Take each line from the entries that holds "with" and copy it out.
##### Given records
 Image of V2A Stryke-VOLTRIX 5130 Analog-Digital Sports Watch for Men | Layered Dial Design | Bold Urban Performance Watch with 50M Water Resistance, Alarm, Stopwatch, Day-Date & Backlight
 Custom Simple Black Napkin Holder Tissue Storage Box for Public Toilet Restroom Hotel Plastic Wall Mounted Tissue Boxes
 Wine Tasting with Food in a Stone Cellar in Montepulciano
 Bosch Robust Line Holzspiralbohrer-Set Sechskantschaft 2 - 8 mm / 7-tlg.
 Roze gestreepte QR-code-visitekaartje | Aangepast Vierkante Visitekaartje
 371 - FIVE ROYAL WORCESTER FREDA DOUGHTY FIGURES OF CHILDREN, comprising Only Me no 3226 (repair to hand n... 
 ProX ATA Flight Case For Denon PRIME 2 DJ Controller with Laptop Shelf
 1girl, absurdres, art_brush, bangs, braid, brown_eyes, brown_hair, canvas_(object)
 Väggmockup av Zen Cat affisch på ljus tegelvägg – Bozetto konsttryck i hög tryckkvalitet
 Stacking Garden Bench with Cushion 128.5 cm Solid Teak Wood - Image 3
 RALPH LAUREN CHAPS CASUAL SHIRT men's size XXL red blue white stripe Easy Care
##########
• Result:
 Image of V2A Stryke-VOLTRIX 5130 Analog-Digital Sports Watch for Men | Layered Dial Design | Bold Urban Performance Watch with 50M Water Resistance, Alarm, Stopwatch, Day-Date & Backlight
 Wine Tasting with Food in a Stone Cellar in Montepulciano
 ProX ATA Flight Case For Denon PRIME 2 DJ Controller with Laptop Shelf
 Stacking Garden Bench with Cushion 128.5 cm Solid Teak Wood - Image 3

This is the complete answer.